Having read through a City of Berkeley Commissioner’s Manual I learned that the role of a Commissioner is primarily as an advisor to the City Council and City Manager. The Manual states that Commission Reports presented to the Council “should reflect all opposing viewpoints.” This leads one to wonder why Ms. Craig’s “fundamental differences” with Council member Maio’s viewpoint should lead to her dismissal. Nevertheless, all Berkeley City Commissioner’s serve at the pleasure of the Council ember who appointed them and Karen Craig has been asked to leave the Commission. I believe that the disability community in Berkeley will benefit from Ms. Craig’s leadership away from the Commission because she will no longer be constrained by political requirements, such as bowing to the opinion of the City Council.

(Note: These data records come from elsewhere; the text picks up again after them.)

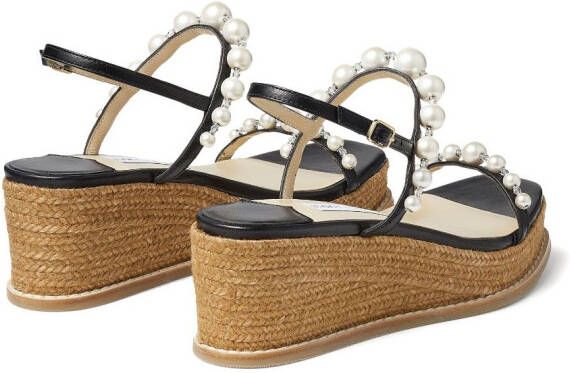 Jimmy Choo Amatuus sandalen met sleehak Zwart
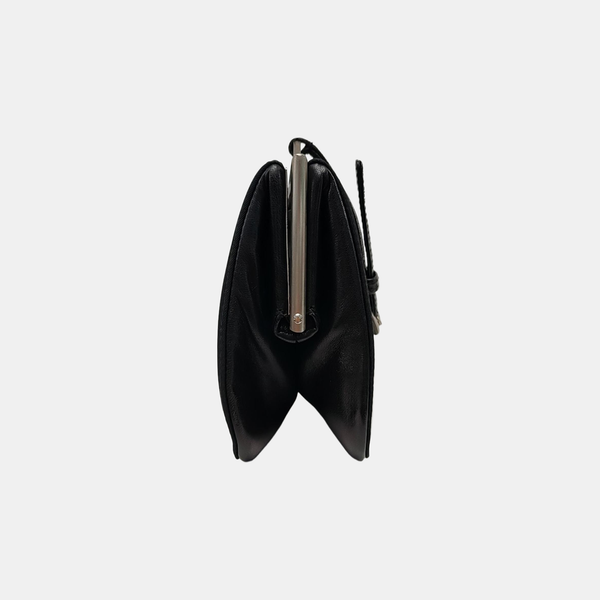 Fabric Crossbody Bag Black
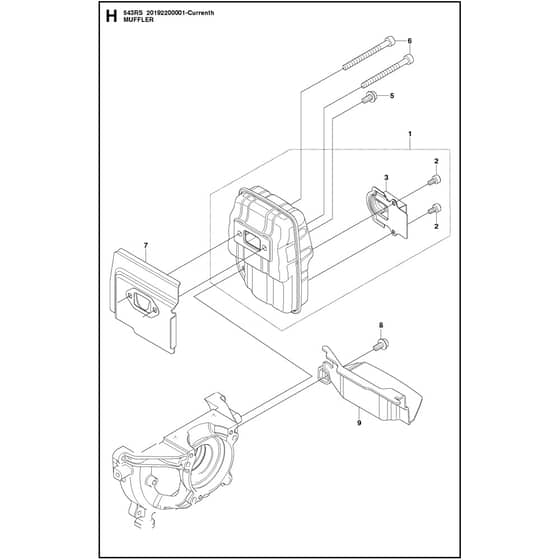 Husqvarna 543RS - 966779901 - Muffler 01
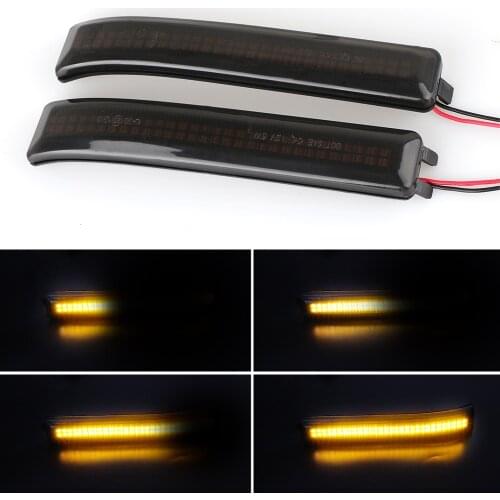 LED Side Wing Dynamic Turn Signal Light Flowing Rearview Mirror Indicator Blinker Lamp 2Packs For Ford F150 Raptor 2010-2014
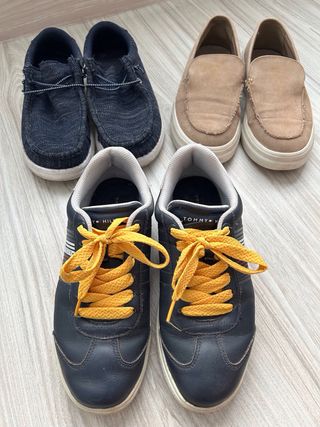 3 pares zapatos – TOMMY HILFIGER, Tex, Primark, 40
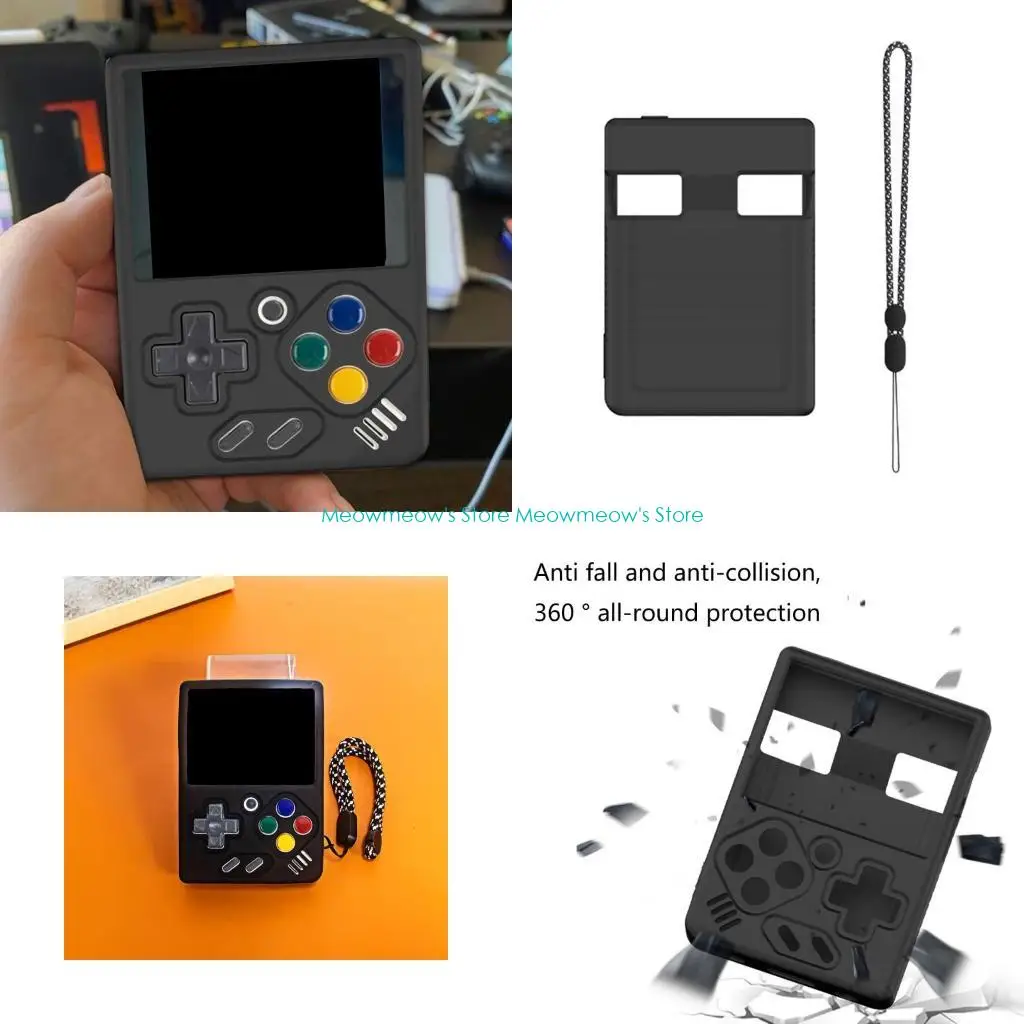 

W91A защитника защищенной силиконовой оболочка для Miyoo Mini Консоль кожа Gamepad Gamepad Dustpresy Route Housing Accessy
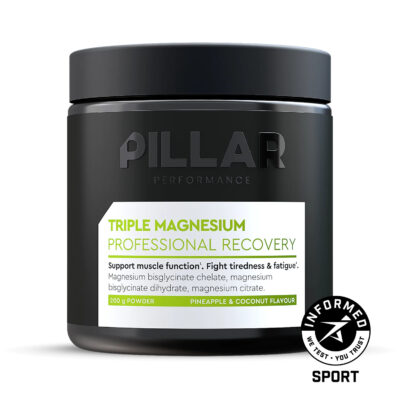 Магний PILLAR Performance Triple Magnesium ананас-кокос 200г (банка)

Any City-operated Commission is political. I would like to see some strong, non-political advocacy for the disabled, the unsheltered and other under-represented minorities throughout Berkeley. Such advocacy should rest with members of the community unconstrained by the Mayor and Council. Karen Craig is one of the few leaders in the disability community with the courage to speak out, even when her voice is being muffled by Berkeley’s political leadership. If the Daily Planet wants to write long articles on Karen Craig’s story, they should follow her to the controversial sites such as lack of physical access at public events, fairs and forums; public transportation venues; sidewalks rendered impassible by sandwich board signs; and the problematic and often failing emergency attendant care by EDI, inc. I for one think it is a waste of time to protest Karen’s dismissal from the Commission. We, the disabled of Berkeley, would benefit more from meeting with Karen and supporting her efforts outside the commission, not just while it is the stuff of headlines, but for the long haul.